++++ Recorded data ++++

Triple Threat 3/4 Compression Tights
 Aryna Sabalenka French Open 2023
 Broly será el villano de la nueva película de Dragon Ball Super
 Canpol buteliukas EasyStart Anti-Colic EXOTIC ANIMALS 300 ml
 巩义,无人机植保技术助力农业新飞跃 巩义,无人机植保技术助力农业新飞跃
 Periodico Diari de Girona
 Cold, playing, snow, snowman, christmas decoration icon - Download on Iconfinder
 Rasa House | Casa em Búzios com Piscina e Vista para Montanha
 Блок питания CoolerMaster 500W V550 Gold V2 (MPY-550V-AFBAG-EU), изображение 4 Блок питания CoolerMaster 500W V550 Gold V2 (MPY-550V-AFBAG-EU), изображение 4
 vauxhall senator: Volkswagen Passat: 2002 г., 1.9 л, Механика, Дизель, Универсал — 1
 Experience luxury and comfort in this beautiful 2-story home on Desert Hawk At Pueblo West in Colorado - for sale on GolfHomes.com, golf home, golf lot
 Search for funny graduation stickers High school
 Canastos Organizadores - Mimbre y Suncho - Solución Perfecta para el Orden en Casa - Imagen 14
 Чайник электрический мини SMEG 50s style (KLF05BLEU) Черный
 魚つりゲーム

++++

Problem: All lines in the listing above that contain "para" should be shown.

Response box:
 Rasa House | Casa em Búzios com Piscina e Vista para Montanha
 Canastos Organizadores - Mimbre y Suncho - Solución Perfecta para el Orden en Casa - Imagen 14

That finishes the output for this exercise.